Something I'll ponder for next Spring.

Dennis H.
04-13-2015, 06:50 PM
bkeith, what other hobby are you talking about?:rolleyes::D

Fyreaway
04-13-2015, 06:59 PM
I've made some progress on the kitchen sink to e-Vaporator conversion...

The fun part is you don't really know that anything you do will be less than what I've done. My design has a V-bottom that works pretty well. A flat bottom sink might very well be better. Without playing around with the options we would never know. Using the sink to boil off the bulk of the water and then finish with what you're familiar with sounds like a good plan. I'll be watching for your thread on the new build.

Fyreaway
04-13-2015, 07:13 PM
In another hobby, where they boil liquids to separate the vapours...

I learned a lot from those folks, reading posts by the shine of the moon.

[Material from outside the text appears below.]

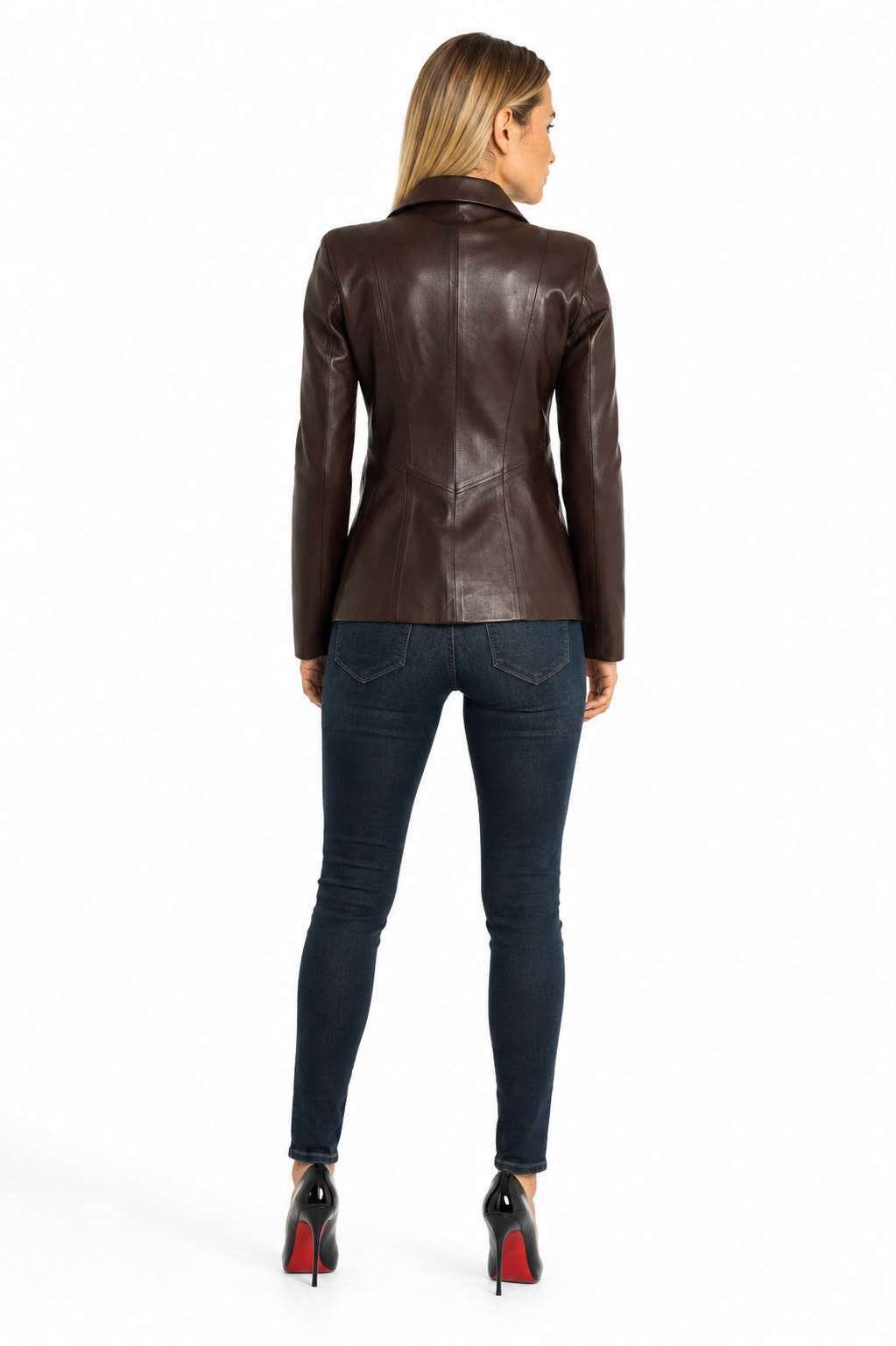 Daniela Leather Blazer-thumbmail-2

I 'still' remember how much help they were in my crazy pursuit to make syrup.

What I've found in regulating the current flow is that anything that reduces the heat output will work. Spending the money on the PID controller gives almost perfect control. With that magic little box I can slow the input to any percentage of maximum draw. In the middle of a boil I run it full throttle and can drip sap in to maintain a good boil. If I remember right, the fairy dust that runs the heating elements drops to 1/4 with half the voltage input. I don't understand it but it sure is a good way to slow things down. I like the bubble wrap idea. There's only a few places where that stuff really works and this just might be one of them.

Cedar Eater
04-13-2015, 08:36 PM
In another hobby, where they boil liquids to separate the vapours from what remains in the pot, they use beer kegs with one or two water heater elements. Run them on 240VAC to heat up, then switch to 120VAC for a constant simmer. The foil backed bubble wrap insulation keeps the heat in the keg quite well.

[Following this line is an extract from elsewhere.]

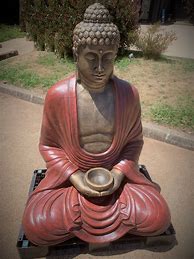 Image result for Buddha Garden Statues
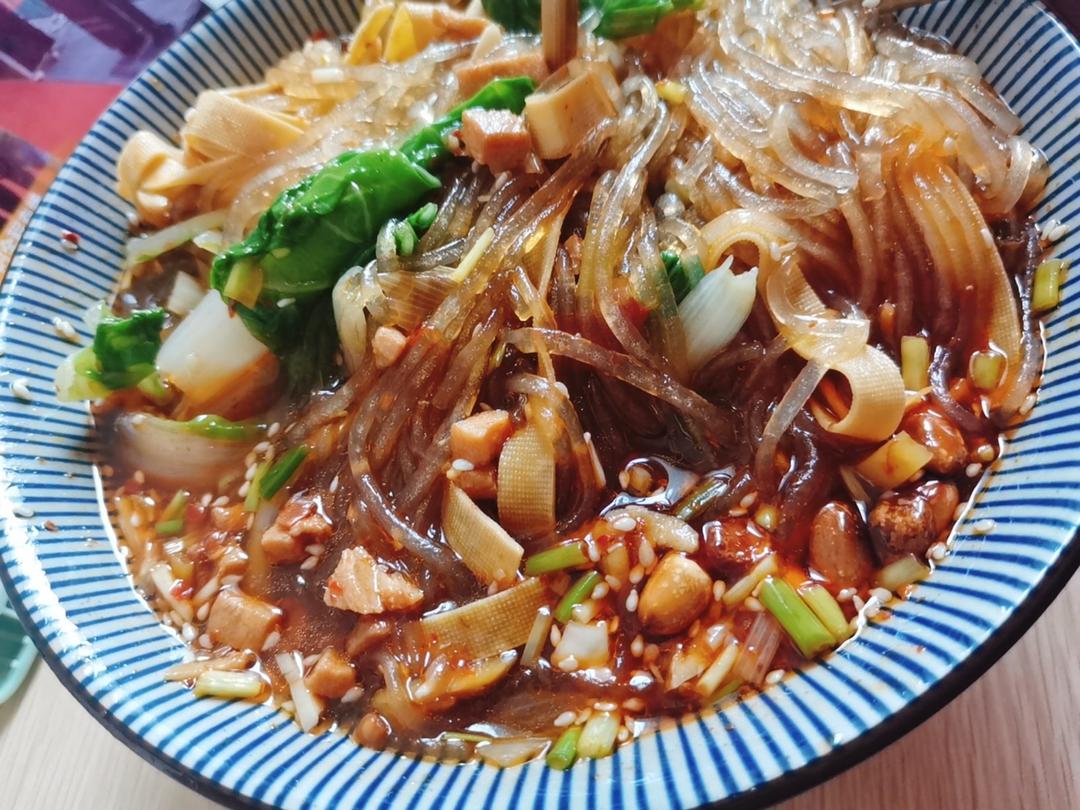 家庭版酸辣粉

A beer keg on it's side, cut in half or slightly higher, would make a nice sized sap e-boiler without the major fabrication cost.

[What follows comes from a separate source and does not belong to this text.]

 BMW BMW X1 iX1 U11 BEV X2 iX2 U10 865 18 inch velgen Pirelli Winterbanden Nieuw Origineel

Something I'll ponder for next Spring.

Aren't most beer kegs aluminum?

saphound
04-14-2015, 04:45 AM
Aren't most beer kegs aluminum? They come in both aluminum and stainless. You can buy them online, but they ain't cheap. I think a used sink is probably the cheapest SS your going to find. Steam table pans are under 20 bucks, I just wish they came a little bigger.

67HEAVEN
04-14-2015, 07:07 AM
The stainless steel sink idea is also intriguing. I can imagine salvaging the sink portion of a kitchen cabinet. That would provide a place to drop the sink into, nice height for working, and you could even stuff insulation up and underneath. Why not run taps on it, while we're at it, to assist in the clean up process. :lol:

If a fitting could be found to convert the large centre drain to something appropriate for draining off, the sky's the limit.

Cedar Eater
04-14-2015, 08:55 AM
The stainless steel sink idea is also intriguing. I can imagine salvaging the sink portion of a kitchen cabinet. That would provide a place to drop the sink into, nice height for working, and you could even stuff insulation up and underneath. Why not run taps on it, while we're at it, to assist in the clean up process. :lol:

If a fitting could be found to convert the large centre drain to something appropriate for draining off, the sky's the limit.

I'm working on that fitting in the In-Sink-Evaporator thread. If I find the parts I need, I'll post links to them.

67HEAVEN
04-14-2015, 09:05 AM
I hadn't noticed that thread, Cedar Eater. Here's a link for others - http://mapletrader.com/community/showthread.php?25880-In-Sink-Evaporator
See you over there.

Meanwhile, thanks to Fyreaway for generating all this creativity. I'll continue reading this thread as well. http://i49.tinypic.com/30kg3fs.jpg

loubard
04-14-2015, 12:04 PM
I'm very impressed with your setup.

This is my first year boiling as a hobbyist in my backyard, and I'm already trying to find a way to move to electricity. I'm planning to build my own electric evaporator and this is the first successful diy project I found.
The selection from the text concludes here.